Arbetsbeskrivning
The Data Engineer role exists to ensure that all test‑lab data is trustworthy, accessible, scalable, and usable for engineering, validation, analytics, and decision‑making.
The function provides the technical backbone that enables reliable testing, advanced analysis, automation, and long‑term product improvement.
The Data Engineer is responsible for designing and operating the data infrastructure that supports all laboratory test activities.
This includes connecting test equipment, building pipelines for high‑frequency and large‑volume datasets, ensuring data quality, and enabling engineers, analysts, and scientists to work efficiently with accurate data.

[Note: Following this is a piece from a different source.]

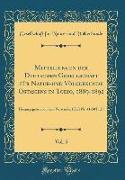 Mitteilungen der Deutschen Gesellschaft für Natur-und Völkerkunde Ostasiens in Tokio, 1889-1892, Vol. 5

As the laboratory and organization expand, the role will evolve into a leadership function that guides the long‑term data strategy and leads a multidisciplinary data team.
Key Responsibilities
Key responsibilities include (but are not limited to)
- Design, build, and maintain data pipelines for high‑frequency lab data
- Integrate test equipment such as battery cyclers (Chroma, Keysight, PEC, PNE), chambers, DAQ systems, and PLCs
- Develop ETL/ELT processes to transform raw → validated → curated datasets
- Build scalable data storage solutions (data lakes, time-series DBs, structured metadata stores)
- Implement data validation, anomaly detection, and quality monitoring
- Automate data processing for reporting, dashboards, and analysis
- Ensure data traceability, version control, and audit compliance
- Work closely with test and validation engineers to understand test profiles, metadata, and measurement methods
- Support lab technicians with tools that simplify workflows and reduce manual data tasks
- Integrate with MES, LIMS, PLM, and other enterprise systems
- Troubleshoot data-related issues in test execution or equipment communication
- Take increasing ownership of data architecture and long‑term data roadmap
- Contribute to documentation standards, data governance, and best practices
Requirements
Qualifications and Experience
- Engineering in technical data role (Data Engineering, Data Science, Machine Learning) including processing, storage, quality, and management on GCP or AWS
- +4 years of relevant experience
- Project management experience
- Experience in large manufacturing or industrial enterprises with heterogeneous, distributed data sources, demonstrating ability to navigate complexity at scale
Specific skills & Knowledge
- Proven experience scaling and re‑architecting data platforms and infrastructure to handle rapid growth and increasing data volumes
- Hands-on experience designing and building highly scalable and reliable data architectures using modern cloud and data tooling (e.g., AWS Kinesis, Lambda, Redshift, GCP equivalents; Airflow, dbt; Parquet, Protobuf, Avro)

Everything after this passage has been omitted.